EXERCISE DATA
◇ ◇ ◇

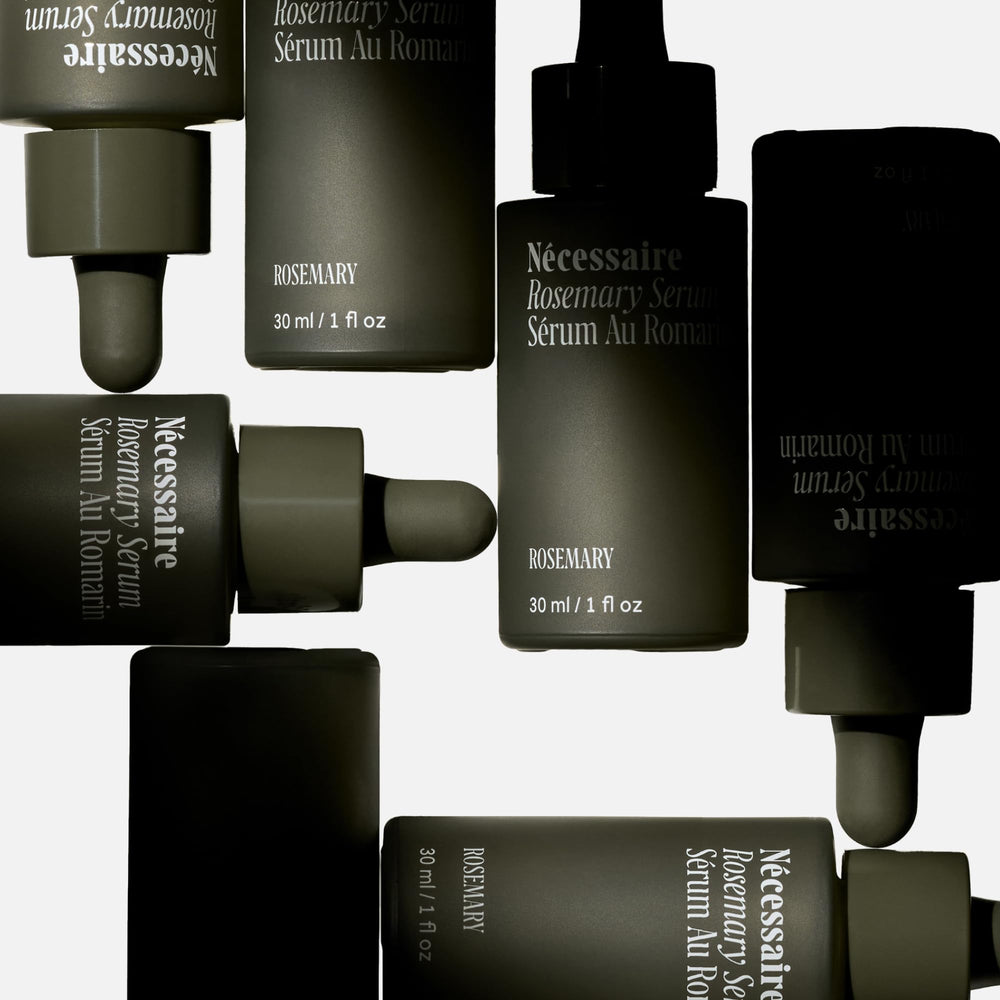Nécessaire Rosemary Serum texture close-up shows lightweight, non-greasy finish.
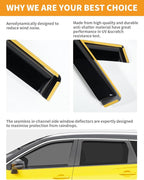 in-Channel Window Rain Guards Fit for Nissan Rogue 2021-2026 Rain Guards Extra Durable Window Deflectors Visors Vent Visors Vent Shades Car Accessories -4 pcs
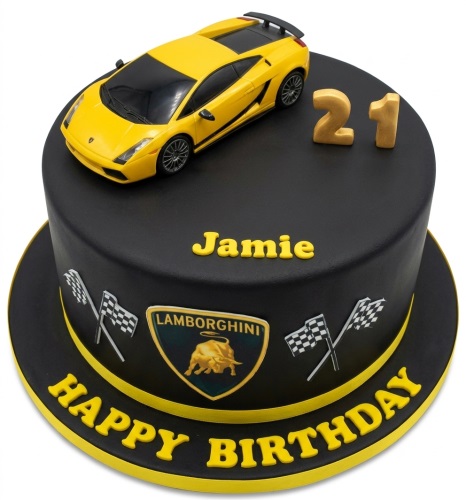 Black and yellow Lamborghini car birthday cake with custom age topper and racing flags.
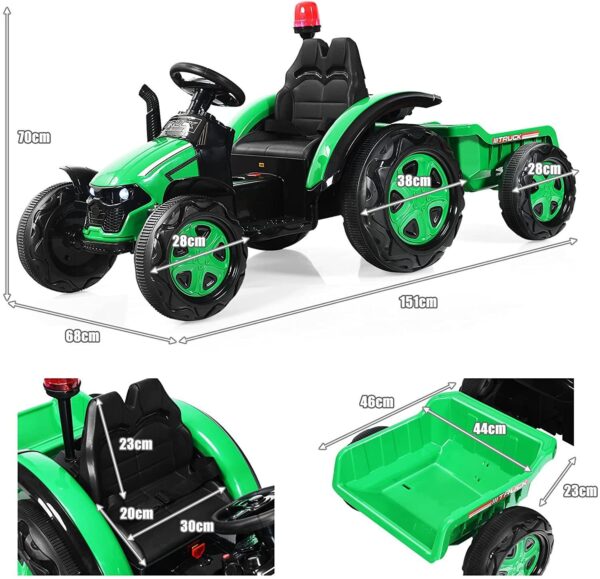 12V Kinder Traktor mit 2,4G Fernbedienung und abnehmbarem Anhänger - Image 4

◇ ◇ ◇

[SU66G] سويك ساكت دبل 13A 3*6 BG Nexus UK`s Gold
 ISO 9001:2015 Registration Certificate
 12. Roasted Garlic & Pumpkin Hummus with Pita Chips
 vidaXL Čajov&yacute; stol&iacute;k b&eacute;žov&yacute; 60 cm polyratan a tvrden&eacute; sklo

◇ ◇ ◇

YOUR ASSIGNMENT
After locating the line with "12. Roasted Garlic" above, return that line and every later line through the one with "vidaXL Čajov&yacute; stol&iacute;k", word for word and with nothing else.

RESULT OF THIS TASK
 12. Roasted Garlic & Pumpkin Hummus with Pita Chips
 vidaXL Čajov&yacute; stol&iacute;k b&eacute;žov&yacute; 60 cm polyratan a tvrden&eacute; sklo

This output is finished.